One such effort is U.S. Pat. No. 4,843,337 issued to Dickakian et
al., which discloses a method for blending hydrocarbon liquids at a
ratio to maintain the combined aromatic to asphaltene ratio above a
certain predetermined level to prevent fouling of process
equipment. However, the Dickakian disclosure is limited to a method
for blending two hydrocarbon liquids leaving unsettled the problem
of blending three or more crude oils.
U.S. Pat. No. 5,871,634 and U.S. Pat. No. 5,997,723, both issued to
Wiehe et al., disclose a method for blending potentially
incompatible crude oils by combining each crude oil in order of
solubility blending numbers such that the solubility blending
number of the mixture is greater than the insolubility number of
any crude oil of the mixture. However, the Wiehe disclosures
teaches a method that employs inexact and onerous laboratory tests,
such as conventional optical microscopy or crude oil filtration to
determine the presence of asphaltenes in each crude oil. Moreover,
the Wiehe disclosure employs a complex blending and titration
analysis to determine the insolubility number and the solubility
blending number for each crude oil.
Although the foregoing disclosures provide advances in the art,
there is still a need for a method for accurately determining crude
oil incompatibility that is practical and cost efficient.
It has also been found that centrifuging one or more crude oils
blended with predetermined amounts of heptane provides for a simple
yet cost effective means for determining asphaltene instability and
the amount of asphaltenes in each crude oil.

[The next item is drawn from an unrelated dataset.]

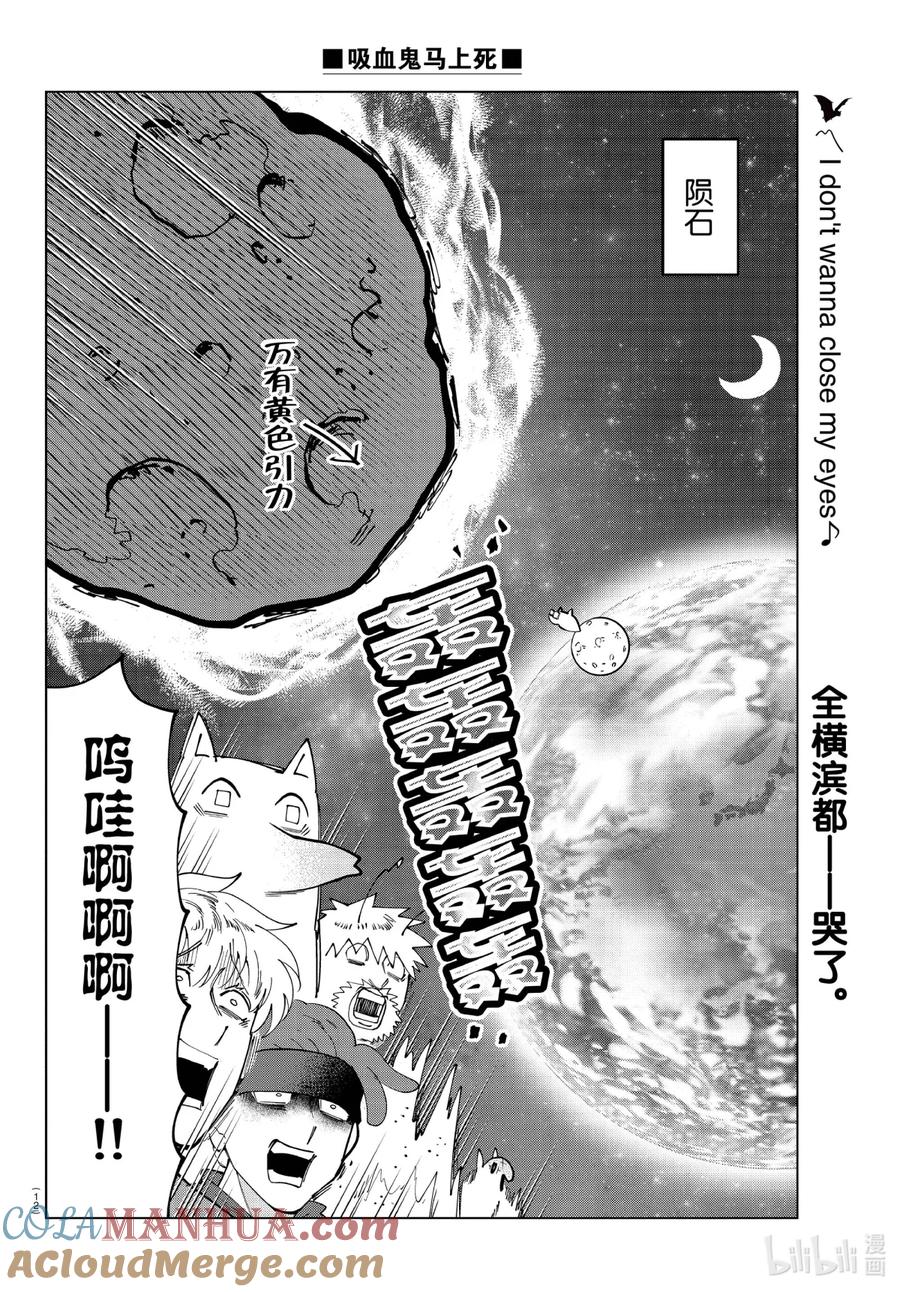 吸血鬼马上死 279 吸血鬼只要你在想黄色的事情我就能让流星坠落大叔VS居住的星球 第13页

It has also been found that the relative ratio of aromatics to
saturates in each crude oil to be blended can be easily determined
by using the relationship between the boiling point and the density
of each crude oil.
It has also been found that compatible blends of two or more crude
oils can be determined based on the relationship between the
boiling point and the density of each crude oil in the blend and
the determination of asphaltene instability in each crude oil in
the blend.
SUMMARY OF THE INVENTION
The present invention is directed to a method for blending at least
two hydrocarbon liquids together by determining the critical
solvent power for each hydrocarbon liquid, determining the solvent
power for each hydrocarbon liquid, and thereafter blending the
hydrocarbon liquids together, producing a hydrocarbon liquid blend
having a solvent power that is greater than the critical solvent
power of the hydrocarbon liquid having the highest critical solvent
power in the blend.
As used herein, crude oil is understood to mean liquid petroleum
and all other hydrocarbons, regardless of gravity, produced at a
well in liquid form by ordinary production methods.
As used herein, a hydrocarbon liquid is understood to mean a fluid
compound comprising hydrogen and carbon.
As used herein, solvent power is understood to mean the relative
ratio of aromatics to saturates in a crude oil or a blend of crude
oils.
As used herein, critical solvent power is understood to mean the
solvent power at which asphaltenes begin to precipitate out of a
crude oil or blend of crude oils.
The present invention also includes a method for determining the
critical solvent power of one or more hydrocarbon liquids. The
method includes the steps of mixing each hydrocarbon liquid with
predetermined amounts of a normal paraffin, centrifuging each
resulting mixture recovering and weighing any resulting
precipitated insolubles from the mixture, and thereafter
correlating the weight of the insolubles to a solvent power at
which asphaltenes begin to precipitate out of the mixture.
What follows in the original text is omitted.